Any opinons feel free to express. These are my thought i share to you .. share back

Saturday, August 1, 2009

Contrary to simplicity , a profound silence, layers unimaginable the key to ones heart disalows me.

My mind entrances dipictions of us, memories once felt, past bliss

Be.. exsit .. you are..

Wonderful abide in your piquancy, let loose the you within, give the world a star as lustrous as the milkyway on a calm night.

The depths of you i want to pilgrimage.

Learning the wonders that beseech you, monotone. Herd from me once before , just hoping this recolection is within clarity.


"Slo-impulses"

humanly as possible

Confirmation please..

No hesitation attempted, i reply..

I am he.. she knows..

My eyes speak ot her.. she is trancefixed..

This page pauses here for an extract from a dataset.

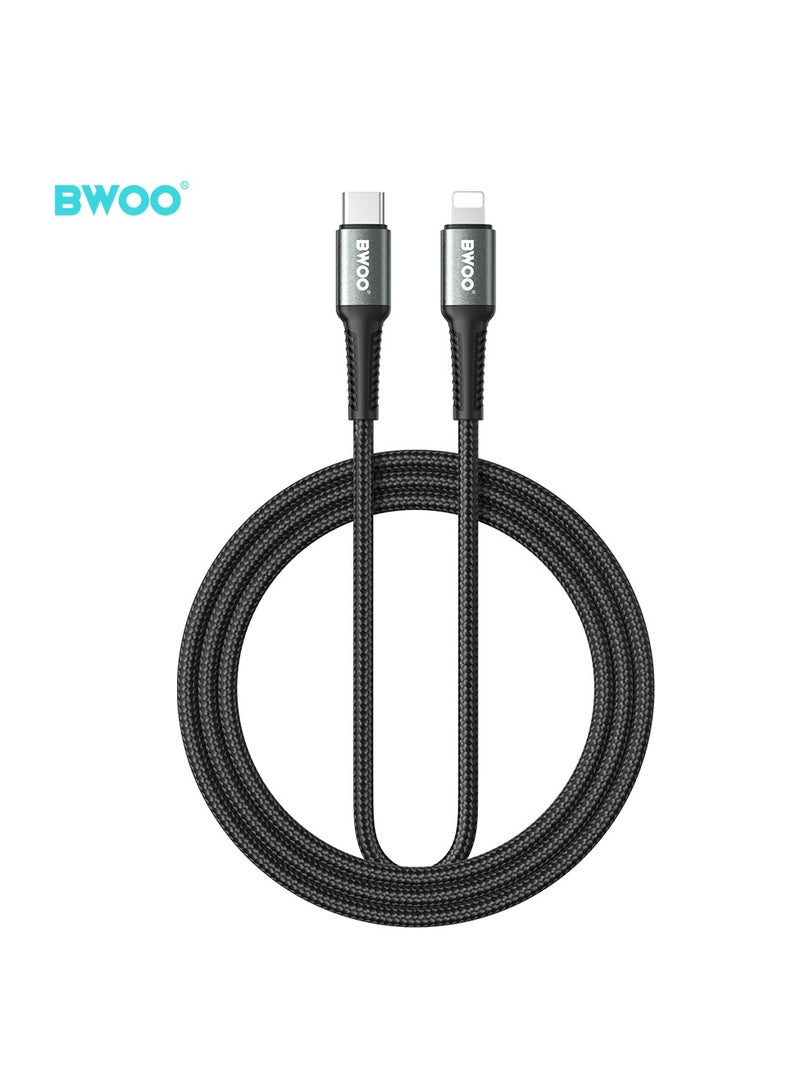 BWOO Type-C To Lightning Fast Charging Data Cable 3M Black - Image 1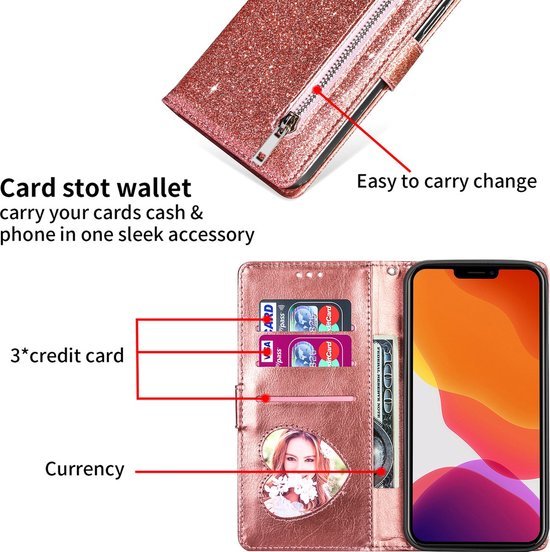 iPhone 14 Pro Hoesjes – Glitter Portemonnee Hoes – Rits & Koord – Pasjeshouder – Roségoud-Ilumina Benelux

Words exchnaged with no dialect..

For one moment in time, time took a break, it paused.

I belive we have done it.. we have reach a something.. can you feel it.. undesscribable.. B L I S S =]

explantions? anyone?

Explantions? Anyone?

Why is it so hard to fight for what we want?
Why is it so hard to take risk?
Why is it so hard to follow are heart?
Are we afraid of the let down, if so why? How will we ever see what is to be with out risk
Has i love you lost all substance and now became a relaity televison phrase?

Explantions? Anyone?

Why is hard to find faith in people? yet alone faithfullness?
Where honest love? The kind that is ongoing doesnt fade
Where is trust?
Is there any real possiblity to find a soul mate or grow with a stranger?
Is it possible to be with somefrom for adolesacne to adult hood like in our elder's days?

Explanations? Anyone?

Is it a cure for our on growing hunger for materialistic ideas and point of view?
Is our ideaology scraped of substance? How would we get it back?
Where is oldfashion in a modern world with no moral standard?

Explanations? Anyone,

Am i out dated For the morals and belif i refuse to conform from for acceptance? ..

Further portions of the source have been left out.